Three years, one decree
Morocco passed Law 82-21 on electricity autoproduction in 2023. The law promised a straightforward deal: businesses and individuals could generate their own power, mostly from solar and wind, and sell surplus to the national grid.
Then nothing happened. The implementing decree sat in committee for three years.
On October 23, 2025, the Government Council finally adopted Decree No. 2.25.100. It was published in the official gazette this month and enters into force on June 9, 2026.
For a country that imports roughly 80% of its energy and saw electricity imports surge 26.4% through November 2025 (ONEE data), this matters.
What the decree allows
The framework creates three tracks depending on installation size:
Declaration covers small, off-grid installations. A business puts solar panels on its roof, uses the power, and that is it. Minimal paperwork.
Grid-connection approval covers medium-scale installations that connect to the distribution network.
Authorization is required for anything connected to medium- or high-voltage networks. These are the industrial-scale projects that could meaningfully shift Morocco's energy mix.
Self-producers can sell surplus electricity back to the grid, but only up to 20% of their annual production. ANRE set the buyback tariff at 21 centimes per kWh during peak hours and 18 centimes during off-peak.

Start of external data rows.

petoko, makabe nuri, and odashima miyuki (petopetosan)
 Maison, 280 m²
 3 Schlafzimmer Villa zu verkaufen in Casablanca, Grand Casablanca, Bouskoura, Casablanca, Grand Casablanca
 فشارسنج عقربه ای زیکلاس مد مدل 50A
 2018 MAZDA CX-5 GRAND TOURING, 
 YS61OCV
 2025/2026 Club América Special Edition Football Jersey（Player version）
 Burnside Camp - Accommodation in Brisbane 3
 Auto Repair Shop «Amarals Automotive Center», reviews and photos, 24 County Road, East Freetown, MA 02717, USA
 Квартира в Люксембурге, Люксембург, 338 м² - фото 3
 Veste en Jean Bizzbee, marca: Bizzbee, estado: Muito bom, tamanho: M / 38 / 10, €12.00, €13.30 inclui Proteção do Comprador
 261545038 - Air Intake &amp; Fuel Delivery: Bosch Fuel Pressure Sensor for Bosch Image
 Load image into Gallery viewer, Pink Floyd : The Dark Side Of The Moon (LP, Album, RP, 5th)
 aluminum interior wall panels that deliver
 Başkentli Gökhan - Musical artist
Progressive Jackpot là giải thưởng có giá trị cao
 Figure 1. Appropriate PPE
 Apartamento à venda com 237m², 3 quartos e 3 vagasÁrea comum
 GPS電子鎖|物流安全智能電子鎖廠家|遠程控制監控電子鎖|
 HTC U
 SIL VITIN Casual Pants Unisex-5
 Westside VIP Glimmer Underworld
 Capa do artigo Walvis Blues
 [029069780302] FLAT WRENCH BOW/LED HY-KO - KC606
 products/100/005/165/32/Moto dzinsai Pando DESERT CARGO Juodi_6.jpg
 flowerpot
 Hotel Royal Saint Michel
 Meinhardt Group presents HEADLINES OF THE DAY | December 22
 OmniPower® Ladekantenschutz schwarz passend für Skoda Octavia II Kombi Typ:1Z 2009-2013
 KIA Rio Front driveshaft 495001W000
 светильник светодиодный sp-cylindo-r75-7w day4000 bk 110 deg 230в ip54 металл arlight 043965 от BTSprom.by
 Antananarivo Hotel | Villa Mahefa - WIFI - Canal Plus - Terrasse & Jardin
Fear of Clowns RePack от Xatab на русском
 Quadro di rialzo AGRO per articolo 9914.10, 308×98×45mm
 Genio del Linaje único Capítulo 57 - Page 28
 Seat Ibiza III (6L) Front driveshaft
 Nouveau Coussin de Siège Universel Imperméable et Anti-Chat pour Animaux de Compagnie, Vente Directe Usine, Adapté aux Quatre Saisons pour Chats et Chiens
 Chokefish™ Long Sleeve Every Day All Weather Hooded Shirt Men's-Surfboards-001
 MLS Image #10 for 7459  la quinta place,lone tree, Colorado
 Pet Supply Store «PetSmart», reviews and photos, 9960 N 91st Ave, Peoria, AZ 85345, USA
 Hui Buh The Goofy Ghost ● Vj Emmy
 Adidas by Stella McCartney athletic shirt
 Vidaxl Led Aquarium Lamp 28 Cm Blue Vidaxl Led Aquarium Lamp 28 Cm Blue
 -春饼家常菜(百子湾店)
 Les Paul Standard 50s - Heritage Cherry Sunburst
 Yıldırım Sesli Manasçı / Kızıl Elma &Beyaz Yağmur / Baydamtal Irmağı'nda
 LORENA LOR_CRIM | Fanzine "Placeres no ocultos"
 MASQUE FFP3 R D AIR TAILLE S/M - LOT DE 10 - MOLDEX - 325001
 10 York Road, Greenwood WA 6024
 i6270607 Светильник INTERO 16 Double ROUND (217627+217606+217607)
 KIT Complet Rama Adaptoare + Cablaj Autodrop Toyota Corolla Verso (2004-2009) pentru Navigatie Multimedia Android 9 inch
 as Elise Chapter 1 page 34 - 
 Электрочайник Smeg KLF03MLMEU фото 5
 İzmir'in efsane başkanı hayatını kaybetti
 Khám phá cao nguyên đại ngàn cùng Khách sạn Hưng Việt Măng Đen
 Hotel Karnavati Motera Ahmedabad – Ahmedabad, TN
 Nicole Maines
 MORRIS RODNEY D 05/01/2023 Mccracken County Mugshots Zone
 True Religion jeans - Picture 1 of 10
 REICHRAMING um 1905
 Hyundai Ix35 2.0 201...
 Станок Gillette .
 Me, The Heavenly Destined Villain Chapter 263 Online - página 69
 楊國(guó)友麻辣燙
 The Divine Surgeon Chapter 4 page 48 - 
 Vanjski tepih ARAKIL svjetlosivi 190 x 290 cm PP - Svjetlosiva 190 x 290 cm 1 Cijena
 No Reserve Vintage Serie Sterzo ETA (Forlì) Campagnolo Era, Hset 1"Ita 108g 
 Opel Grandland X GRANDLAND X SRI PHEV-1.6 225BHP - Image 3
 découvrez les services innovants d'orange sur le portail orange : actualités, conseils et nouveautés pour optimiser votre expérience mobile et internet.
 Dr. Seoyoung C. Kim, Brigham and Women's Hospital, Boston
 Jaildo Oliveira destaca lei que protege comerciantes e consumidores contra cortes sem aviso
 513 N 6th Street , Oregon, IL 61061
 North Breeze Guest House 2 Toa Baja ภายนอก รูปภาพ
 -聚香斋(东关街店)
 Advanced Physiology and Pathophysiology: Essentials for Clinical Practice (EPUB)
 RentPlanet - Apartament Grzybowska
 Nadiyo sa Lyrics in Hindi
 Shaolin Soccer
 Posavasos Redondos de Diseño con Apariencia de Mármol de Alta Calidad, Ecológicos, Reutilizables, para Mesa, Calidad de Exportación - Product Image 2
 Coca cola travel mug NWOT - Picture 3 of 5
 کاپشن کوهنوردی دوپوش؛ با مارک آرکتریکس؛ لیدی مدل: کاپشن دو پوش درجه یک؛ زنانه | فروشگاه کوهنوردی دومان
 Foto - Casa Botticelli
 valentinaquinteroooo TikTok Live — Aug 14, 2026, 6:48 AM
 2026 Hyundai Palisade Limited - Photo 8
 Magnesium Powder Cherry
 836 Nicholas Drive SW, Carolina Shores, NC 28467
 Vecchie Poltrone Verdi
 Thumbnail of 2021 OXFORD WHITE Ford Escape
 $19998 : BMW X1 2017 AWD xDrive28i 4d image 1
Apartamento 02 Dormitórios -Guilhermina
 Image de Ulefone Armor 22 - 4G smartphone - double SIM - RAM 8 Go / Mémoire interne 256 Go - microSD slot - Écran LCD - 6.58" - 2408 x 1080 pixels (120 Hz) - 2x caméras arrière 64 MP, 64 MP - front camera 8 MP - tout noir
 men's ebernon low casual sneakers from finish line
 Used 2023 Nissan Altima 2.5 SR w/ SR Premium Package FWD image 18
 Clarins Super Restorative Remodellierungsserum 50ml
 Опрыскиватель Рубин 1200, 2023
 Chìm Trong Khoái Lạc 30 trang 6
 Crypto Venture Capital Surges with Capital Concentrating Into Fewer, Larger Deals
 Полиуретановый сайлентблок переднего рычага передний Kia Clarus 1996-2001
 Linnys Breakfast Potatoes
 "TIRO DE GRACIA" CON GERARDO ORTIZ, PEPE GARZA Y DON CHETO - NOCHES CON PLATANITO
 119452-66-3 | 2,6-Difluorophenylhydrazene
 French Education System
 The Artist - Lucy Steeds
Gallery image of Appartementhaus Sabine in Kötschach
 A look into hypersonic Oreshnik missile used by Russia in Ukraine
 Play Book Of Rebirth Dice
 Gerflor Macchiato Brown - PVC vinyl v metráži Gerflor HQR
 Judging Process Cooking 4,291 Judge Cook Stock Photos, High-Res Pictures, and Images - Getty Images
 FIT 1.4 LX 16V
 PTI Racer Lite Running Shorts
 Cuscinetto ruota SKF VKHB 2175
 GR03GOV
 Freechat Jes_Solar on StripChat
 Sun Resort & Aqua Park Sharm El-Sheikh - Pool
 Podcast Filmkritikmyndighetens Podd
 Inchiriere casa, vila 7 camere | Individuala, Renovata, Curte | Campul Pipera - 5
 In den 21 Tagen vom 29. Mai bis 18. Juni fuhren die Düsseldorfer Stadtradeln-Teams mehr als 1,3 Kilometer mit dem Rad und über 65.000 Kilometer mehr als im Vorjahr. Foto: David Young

The network usage fee for medium-voltage distribution is 6.07 centimes per kWh.
Why the 20% cap is a problem
Many industry stakeholders argue the 20% surplus limit makes large projects financially unviable. If a factory installs a solar array sized for peak demand, it will overproduce during low-demand hours. Capping grid sales at 20% means that excess power gets wasted.
The government was expected to review Decree No. 2.25.01, which could raise or remove this threshold. That review has been postponed. Two other regulations remain in development: an energy storage framework and a curtailment mechanism for managing supply-demand mismatches.
Until all three pieces are in place, large-scale autoproduction will stay constrained.
Morocco's renewable energy gap
Morocco has ambitious targets. The government wants renewables to supply 52% of installed electricity capacity by 2030, a figure recently raised to 56%. That means reaching 10.5 GW from solar (4.7 GW), wind (4.3 GW), and hydropower (1.5 GW).
Current installed capacity tells a different story. Solar sits at roughly 1.6 GW. Wind is at 1.28 GW. Hydropower adds 1.1 GW. Total: about 4 GW, less than 40% of the 2030 target.
ANRE has approved annual capacity targets of 9.3 GW for wind and solar by 2029 (Enerdata, 2025). But more than two-thirds of Morocco's electricity still comes from fossil fuels, primarily coal.
Autoproduction will not close this gap alone. It can, however, distribute the burden. Every factory running its own solar array is one less megawatt ONEE (the national utility) needs to generate or import.
What this means for investors
The decree signals intent, not completion. Morocco is building the regulatory architecture for decentralized renewable energy, piece by piece. For companies already operating in Morocco, the immediate opportunity is straightforward: install solar, cut energy costs, sell a small surplus.
For energy investors and developers, the real opportunity arrives when the 20% cap is raised and storage regulations land. That timeline remains unclear.
The companies to watch are those already manufacturing solar panels and inverters in Morocco's industrial zones, particularly around Tangier and Kenitra, where automotive and aerospace manufacturers face rising energy costs and have the roof space to act.